As far as the littoral countries are concerned, both in the Gulf and in the Asean region and in the immediate neighbourhood, India has important economic, political and security interests, and naval interactions with these countries through ship visits, exchange of personnel and joint exercises, enhance them. The Gulf region is not only critical for its oil and gas but also for other inputs to our economy, while the Malacca and Singapore Straits are among the world’s most important shipping routes. As highlighted earlier, more than $ 500 billion of India’s overseas trade will pass through these waters in the next fifteen years. The gathering of ships hosted by the Navy every two years, under the name Milan, has begun to attract participation from many regional navies. Such cooperative programmes, which build trust and confidence, must be encouraged. Ships of the Indian Navy have assisted Sri Lanka in times of natural disaster and other difficult times. In Maldives, it was only the timely intervention of our naval and airborne forces that saved the legitimate government from being overthrown. Most recently, both these countries and Indonesia have seen immediate response from Indian maritime forces during the Tsunami disaster even as India, itself, suffered great loss of life and devastation. Indian ships have carried out patrols of the Exclusive Economic Zone of Mauritius at that country’s request and ensured offshore and coastal security for the African summit conference in Mozambique last year. Joint patrols with the Indonesian Navy are being carried out and the same cooperative interaction has now been initiated with the Thai Navy.

Relations with Pakistan continue to move in ‘ups and downs’. At this moment, the environment is one of relative tranquility but this could change quickly. The reasons why this is so need not be elaborated and it would be enough to say that it is quite unlikely that this scenario will change radically in the foreseeable future, given the contradictions and compulsions in Pakistan’s ruling establishment. Therefore, the Indian Navy, like its sister Services, has to be prepared to cope with any military eventualities. The main strength of the Pakistan Navy lies in its submarines and aircraft equipped with anti-ship missiles, but broadly speaking, India enjoys the required superiority in maritime power which is sufficiently dissuasive and this superiority must be maintained. The terrorism in Jammu and Kashmir – and even elsewhere in India – supported from Pakistan, is continuing, and we must have the necessary capabilities, military and diplomatic, to cope with it and also to bring pressure to bear on Pakistan from the international community. Probability of a military conflict between the two countries is not high so long as India maintains the required superiority. Pakistan is developing the port of Gwadar on the mouth of the Straits of Hormuz which needs to be factored into our security calculations, given that India’s oil lifeline can easily be threatened by hostile elements, both state and non-state, operating out of Gwadar.

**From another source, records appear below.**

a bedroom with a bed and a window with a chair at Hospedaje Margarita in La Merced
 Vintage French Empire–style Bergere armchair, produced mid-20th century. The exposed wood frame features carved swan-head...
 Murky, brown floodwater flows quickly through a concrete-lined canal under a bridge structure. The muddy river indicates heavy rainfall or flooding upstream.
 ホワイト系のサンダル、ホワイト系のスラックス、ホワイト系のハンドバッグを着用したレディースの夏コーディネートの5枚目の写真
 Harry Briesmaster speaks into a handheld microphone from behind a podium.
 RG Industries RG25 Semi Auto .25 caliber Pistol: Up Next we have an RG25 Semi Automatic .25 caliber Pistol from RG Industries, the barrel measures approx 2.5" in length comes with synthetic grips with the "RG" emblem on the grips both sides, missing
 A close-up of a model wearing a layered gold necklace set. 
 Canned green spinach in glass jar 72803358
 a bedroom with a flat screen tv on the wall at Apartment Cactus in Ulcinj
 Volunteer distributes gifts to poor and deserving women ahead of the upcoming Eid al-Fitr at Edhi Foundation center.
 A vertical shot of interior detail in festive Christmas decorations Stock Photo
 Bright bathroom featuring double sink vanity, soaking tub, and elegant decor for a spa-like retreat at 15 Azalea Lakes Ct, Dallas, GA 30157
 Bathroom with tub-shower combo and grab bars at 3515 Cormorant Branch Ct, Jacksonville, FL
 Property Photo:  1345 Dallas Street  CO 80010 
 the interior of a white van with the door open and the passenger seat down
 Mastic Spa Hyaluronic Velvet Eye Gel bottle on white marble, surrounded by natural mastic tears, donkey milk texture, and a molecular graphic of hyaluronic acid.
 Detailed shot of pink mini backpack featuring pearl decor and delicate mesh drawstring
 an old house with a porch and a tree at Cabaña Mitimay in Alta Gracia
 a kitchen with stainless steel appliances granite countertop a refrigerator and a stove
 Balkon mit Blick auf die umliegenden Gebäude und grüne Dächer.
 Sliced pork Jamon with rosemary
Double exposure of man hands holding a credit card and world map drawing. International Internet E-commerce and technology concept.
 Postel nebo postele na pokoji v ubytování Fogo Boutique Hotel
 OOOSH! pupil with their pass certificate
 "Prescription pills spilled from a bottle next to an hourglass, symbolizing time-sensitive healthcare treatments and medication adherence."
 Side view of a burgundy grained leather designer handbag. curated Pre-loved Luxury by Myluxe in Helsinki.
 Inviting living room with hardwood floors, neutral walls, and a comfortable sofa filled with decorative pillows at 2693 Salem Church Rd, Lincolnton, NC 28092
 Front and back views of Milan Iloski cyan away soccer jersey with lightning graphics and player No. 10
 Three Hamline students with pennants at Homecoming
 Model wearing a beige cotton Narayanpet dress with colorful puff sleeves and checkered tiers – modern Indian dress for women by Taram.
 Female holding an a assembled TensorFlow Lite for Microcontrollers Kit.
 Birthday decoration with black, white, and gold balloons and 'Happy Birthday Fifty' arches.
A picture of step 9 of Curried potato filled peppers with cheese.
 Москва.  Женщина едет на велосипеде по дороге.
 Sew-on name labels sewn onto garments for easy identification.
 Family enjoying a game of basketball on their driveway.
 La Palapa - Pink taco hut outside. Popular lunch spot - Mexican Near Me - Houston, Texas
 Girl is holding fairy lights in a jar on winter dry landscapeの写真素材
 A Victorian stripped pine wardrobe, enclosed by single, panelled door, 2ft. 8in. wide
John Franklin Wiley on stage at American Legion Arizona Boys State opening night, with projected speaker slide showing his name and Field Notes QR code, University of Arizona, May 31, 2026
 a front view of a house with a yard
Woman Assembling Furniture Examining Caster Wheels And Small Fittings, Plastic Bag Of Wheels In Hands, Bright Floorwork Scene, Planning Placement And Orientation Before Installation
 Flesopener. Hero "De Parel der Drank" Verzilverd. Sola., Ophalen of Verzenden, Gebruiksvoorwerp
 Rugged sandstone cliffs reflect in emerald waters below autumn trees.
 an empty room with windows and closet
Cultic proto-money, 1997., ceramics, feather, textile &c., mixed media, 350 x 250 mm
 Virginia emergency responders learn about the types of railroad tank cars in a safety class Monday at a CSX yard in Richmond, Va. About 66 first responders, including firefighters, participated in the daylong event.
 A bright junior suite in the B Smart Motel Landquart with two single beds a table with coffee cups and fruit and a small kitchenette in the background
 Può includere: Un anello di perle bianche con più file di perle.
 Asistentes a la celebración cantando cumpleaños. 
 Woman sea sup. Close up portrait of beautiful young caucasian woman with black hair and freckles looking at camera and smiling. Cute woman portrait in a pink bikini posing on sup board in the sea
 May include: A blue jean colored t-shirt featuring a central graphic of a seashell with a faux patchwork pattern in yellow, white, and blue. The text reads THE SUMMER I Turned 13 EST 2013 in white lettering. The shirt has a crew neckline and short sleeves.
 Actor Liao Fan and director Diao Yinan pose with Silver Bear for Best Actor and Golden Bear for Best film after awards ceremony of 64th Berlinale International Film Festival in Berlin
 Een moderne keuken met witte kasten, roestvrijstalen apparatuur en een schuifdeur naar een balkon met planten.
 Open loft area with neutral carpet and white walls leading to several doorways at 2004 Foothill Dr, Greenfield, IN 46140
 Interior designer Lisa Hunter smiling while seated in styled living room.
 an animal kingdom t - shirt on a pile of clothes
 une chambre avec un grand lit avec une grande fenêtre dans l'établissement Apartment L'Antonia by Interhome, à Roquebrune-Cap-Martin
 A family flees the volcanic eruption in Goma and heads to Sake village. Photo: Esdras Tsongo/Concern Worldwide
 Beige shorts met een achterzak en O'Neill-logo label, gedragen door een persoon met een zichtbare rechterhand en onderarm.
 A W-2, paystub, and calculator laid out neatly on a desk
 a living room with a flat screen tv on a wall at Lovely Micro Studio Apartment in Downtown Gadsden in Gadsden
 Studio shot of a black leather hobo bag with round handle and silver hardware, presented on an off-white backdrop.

As far as China is concerned, India’s relations with that country have fluctuated, but in the emerging world order, things have begun to change. Both countries realise that economic and technological growth, are the real keys to power, and that any military confrontation can only act to the disadvantage of both. India is aware that China is going to be one of the two largest economies in the world by 2020 just as China realises that India, its existing GDP of just under $ 800 billion growing at seven to eight per cent per annum, is, itself, poised to become a major economic power in the same time frame. Strategically, both China and India are very important ingredients of the Asian chessboard along with the USA. Bilateral trade between the two countries has jumped from a few hundred million dollars a decade ago to nearly $ 19 billion last year. It is likely to exceed $ 50 billion by 2010, possibly making China our largest trading partner. During his visit to India in April 2005, Chinese Premier Weng Jia Bao spoke of a qualitatively enhanced relationship of strategic value between the two countries. So, there has been a visible improvement in Sino-Indian interfaces. Cooperation between the two militaries has also been initiated. A MOU for Defence Cooperation was concluded by the two Defence Ministers in June 2006, and Indian and PLA Navy ships have exercised together at sea. There has also been exchange of high level military visits. Both China and India are members of the maritime security groups in the Asean Regional Forum (ARF) and the Council for Security Cooperation in the Asia Pacific (CSCAP). Such engagements must be further enhanced. At the same time, ground realities also need to be recognised. The long pending boundary issues are still to be resolved. There is also the perception, in India, that China’s involvement in India’s neighbourhood is not sensitive to our security concerns. Its naval modernisation has already made it possible for the PLA Navy to deploy at long distances. Availability of port facilities in Myanmar and Pakistan will give it an Indian Ocean capability that it does not presently have. In short, while India does not view China as a threat, or even as a rival, the implications of its maritime postures have to be noted.

The Littoral Domain

Littoral operations have assumed importance in the context of threats posed by non-state actors. Piracy and other illegal acts at sea, hijacking of ships and maritime terrorism come under this category. These, generally, take place in coastal waters or narrow channels, are executed quite quickly, and cannot be countered without a tightly integrated system of surveillance and response, networked for operations in real time. Even more important, given the transnational nature of such crimes and the differing approaches and capabilities of littoral nations, it will be very difficult to cope with the crimes unless there is close cooperation and coordination amongst the littorals and stakeholder countries. Much more trust and confidence in multilateral cooperation will be needed. With future threats arising more from non-traditional sources rather than from conventional military conflict between nations, these are the issues which merit more serious consideration. 

India’s Maritime Strategy

In this background of increasing interests and concerns at sea, India’s maritime philosophy is three-pronged, in which capability and cooperation must be the prime ingredients. Essentially, we must:


Have capabilities at sea which will facilitate engagement with countries with whom we share common concerns, be seen as reassuring by those around us and, at the same time, act as a credible deterrence to present and potential adversaries.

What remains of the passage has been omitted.